__What you are asked to do__:
Output the whole listing exactly, with no pictures.

START Recorded information

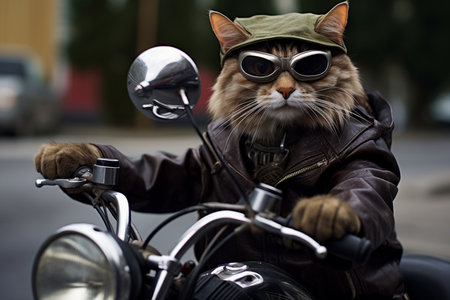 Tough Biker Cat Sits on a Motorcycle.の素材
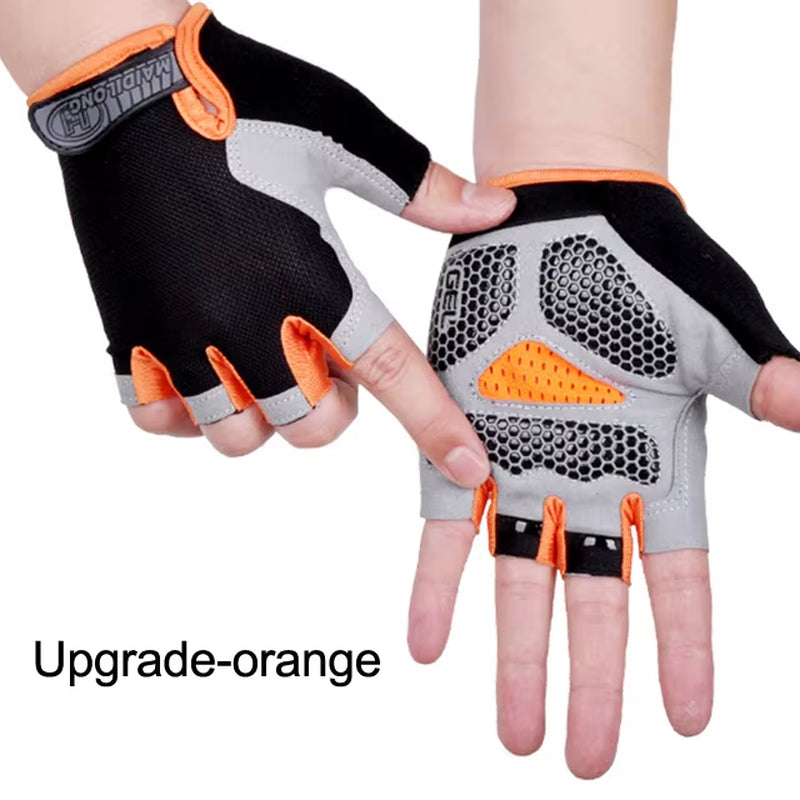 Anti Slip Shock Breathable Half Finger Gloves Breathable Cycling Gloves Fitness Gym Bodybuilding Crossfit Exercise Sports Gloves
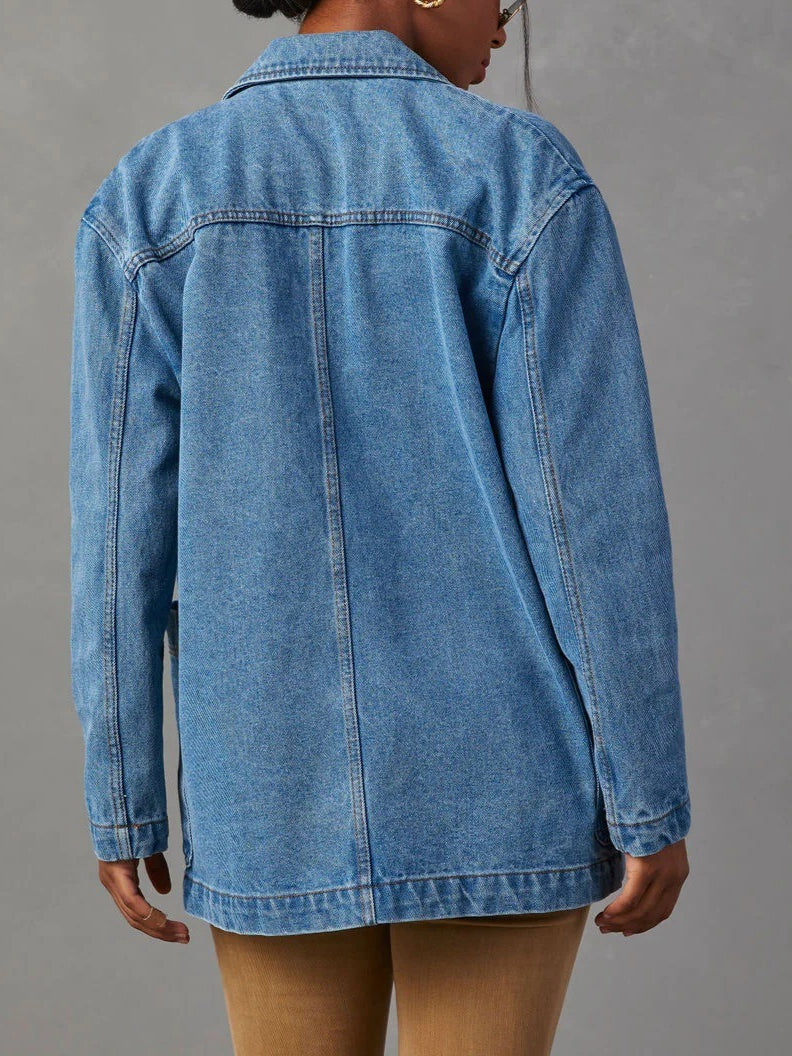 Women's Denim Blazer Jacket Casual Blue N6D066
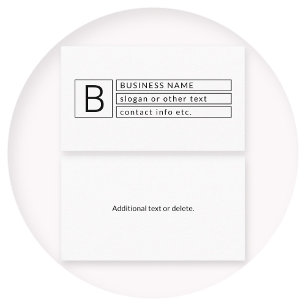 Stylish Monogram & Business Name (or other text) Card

END Recorded information

__Exercise result__:
 Tough Biker Cat Sits on a Motorcycle.の素材
 Anti Slip Shock Breathable Half Finger Gloves Breathable Cycling Gloves Fitness Gym Bodybuilding Crossfit Exercise Sports Gloves
 Women's Denim Blazer Jacket Casual Blue N6D066
 Stylish Monogram & Business Name (or other text) Card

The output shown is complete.